Fontana, caso camici: col cognato non fu donazione

Secondo gli inquirenti la fornitura sarebbe stata trasformata in donazione per poter rivendere parte dei camici. Fontana sostiene di aver chiesto al parente di rinunciare al pagamento dei camici per evitare polemiche sul conflitto di interessi, ma forse dietro potrebbe esserci la volontà di poter rivendere un terzo della commessa, 25mila camici, ad un onlus varesina ad un prezzo più alto. Un’ipotesi, come detto, che però sembra trovare riscontro in alcune chat su WhatsApp. Stando a quanto riportato dal Corriere della Sera, in un messaggio inviato la mattina del 20 maggio, prima della comunicazione da parte di Dini alla Regione di voler “donare” il materiale sanitario, lo stesso scrive: “Abbiamo ricevuto una bella partita di tessuto per camici. Li vendiamo a 9 euro, e poi ogni 1000 venduti ne posso donare 100”.

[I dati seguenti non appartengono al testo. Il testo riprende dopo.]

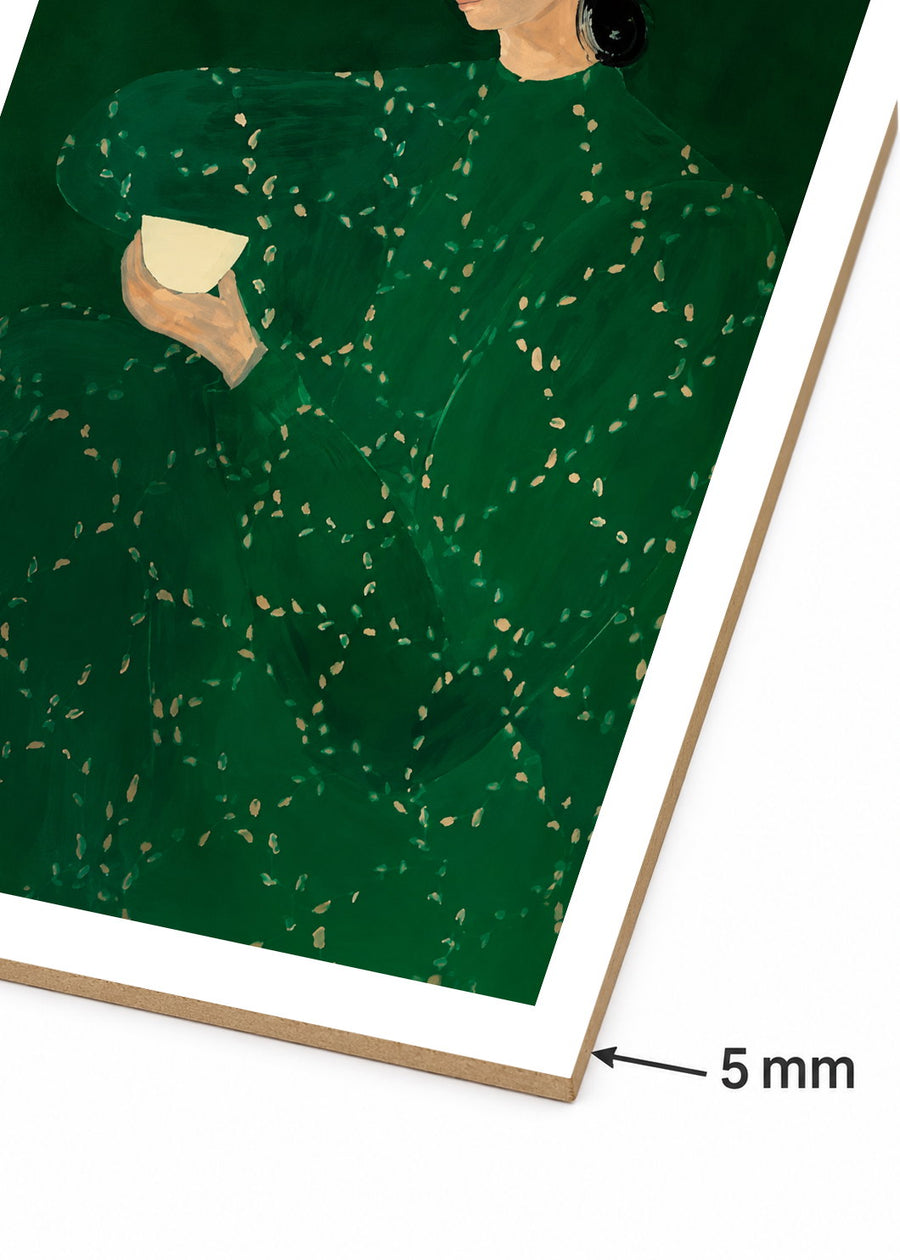 Detalle del canto de MDF de 5 mm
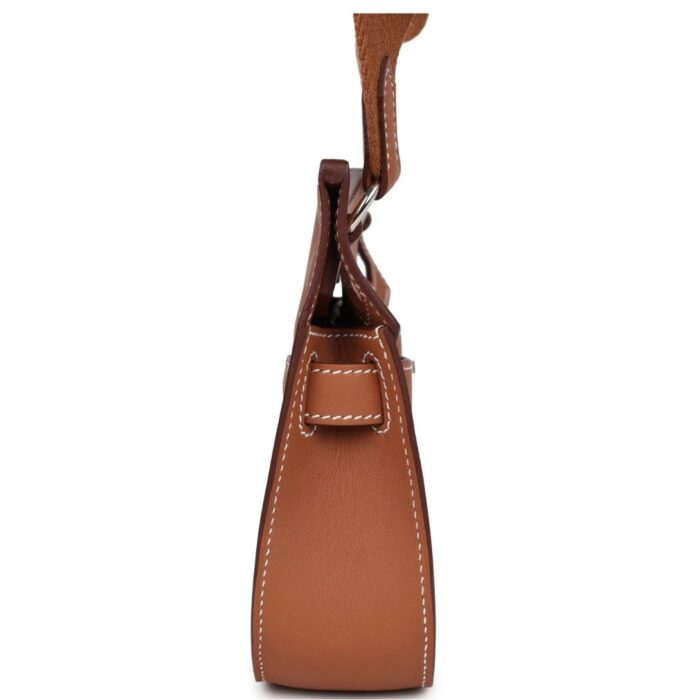 HERMÈS JYPSIERE MINI GOLD SWIFT PALLADIUM HARDWARE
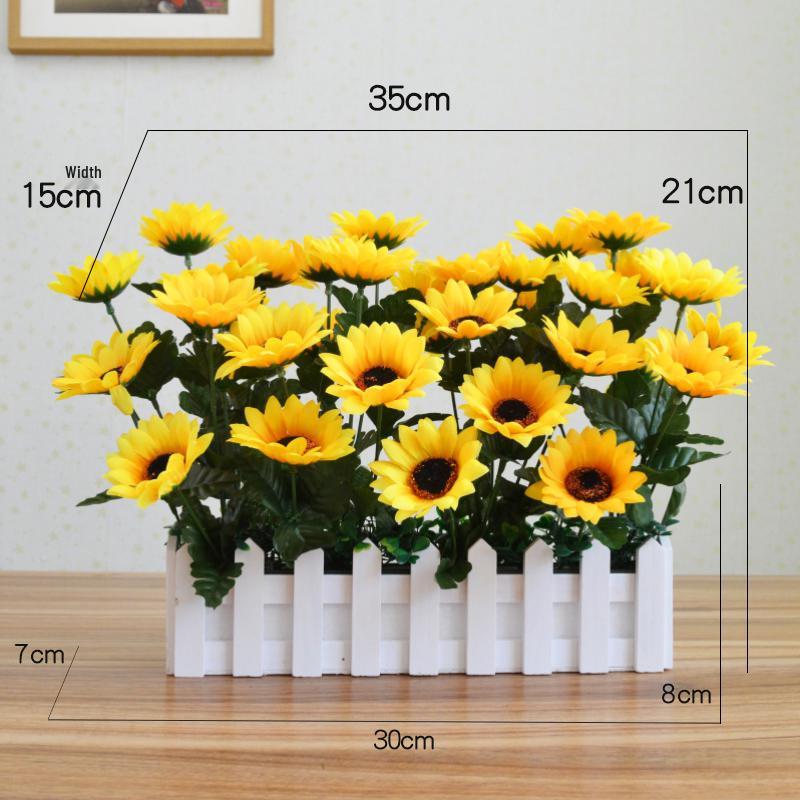 Arrangement de Pothos, Herbe Artificielle et Fleurs en Soie pour la Décoration de la Maison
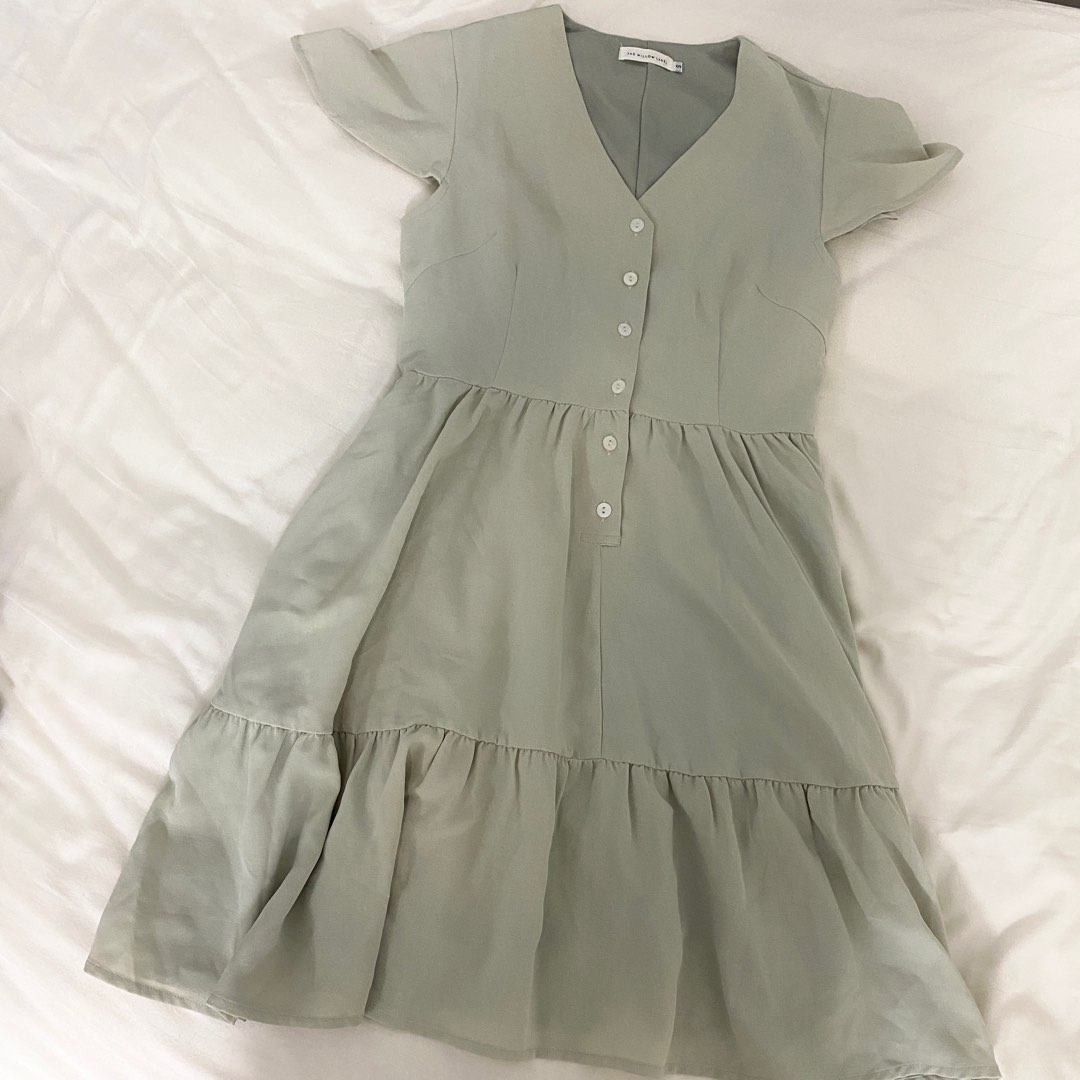 Tiered Midi Dress Daisy Sage main image 1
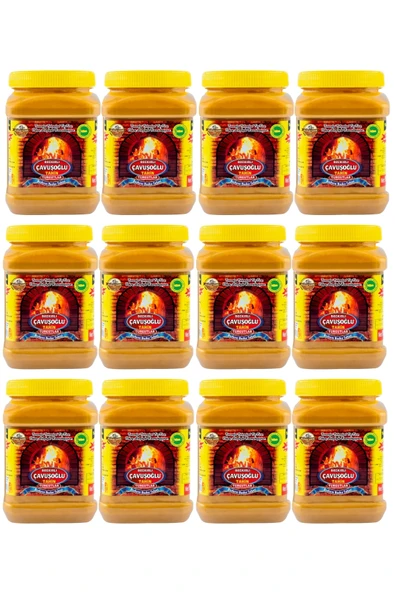 Bozkırlı Çavuşoğlu Odun Ateşinde Çifte Kavrulmuş Kepeksiz Bozkır Tahini 930g X 12'li Paket - 1 Koli ürün görseli 1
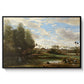 Washerwomen at the Water's Edge, c. 1860-1870 - Floater Framed Canvas Print
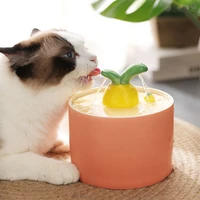 cat automatic water fountain filtration kawaii ceramics pet water dispenser electric usb ultra quiet dogs drinking bowl
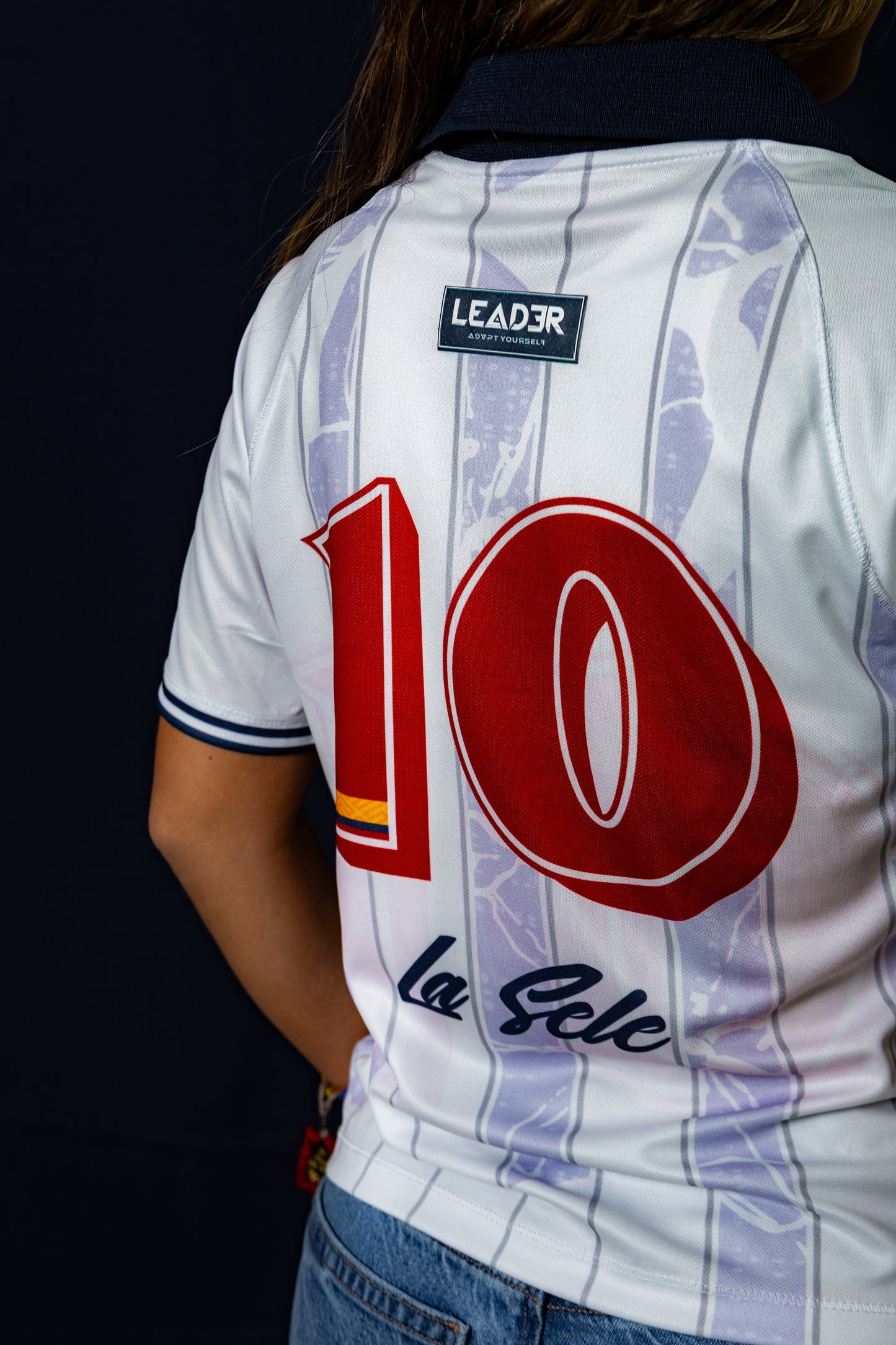 Camiseta de la selección Colombia blanca Leader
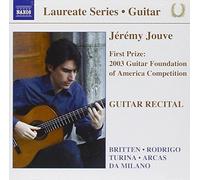 JEREMY JOUVE - VARIOUS GUITAR RECITAL - CD - G4z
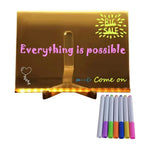 LED Dry Erase Board – Illuminated Writing and Artwork Display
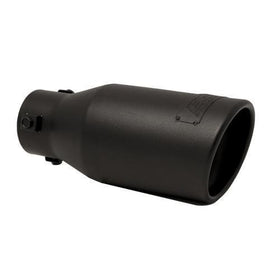 DC Sports EX-1012B Universal Black Stainless Steel Bolt-On Exhaust Tip
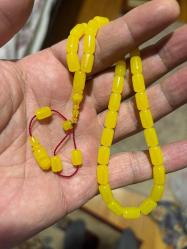 Osmanlı sıkma kehribar tespih habbeden büyük üstat Faruk yağmur usta eseri imzası üzerinde Osmanlı sıkma tespih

Questo messaggio cambierebbe la visione degli inquirenti in quanto paleserebbe un progetto premeditato. A questo punto la frode in pubbliche forniture contestata a Fontana, Dini e Bongiovanni non riguarderebbe più un tentativo di rivendere parte del materiale effettuato dopo la donazione per rientrare del mancato guadagno, ma potrebbe invece essere stata progettata prima sulla base di un accordo con l’amministrazione regionale. Supposizioni al momento, che andranno arricchite con ulteriori prove e testimonianze. Intanto la guardia di finanza ha trovato proprio i 25mila camici – mai consegnati alla Regione – nel corso di una perquisizione presso la Dama Spa. Un intervento che lo stesso Dini ha accolto come “una liberazione perché così hanno visto che sono qua, non vedevo l’ora di liberarmene”.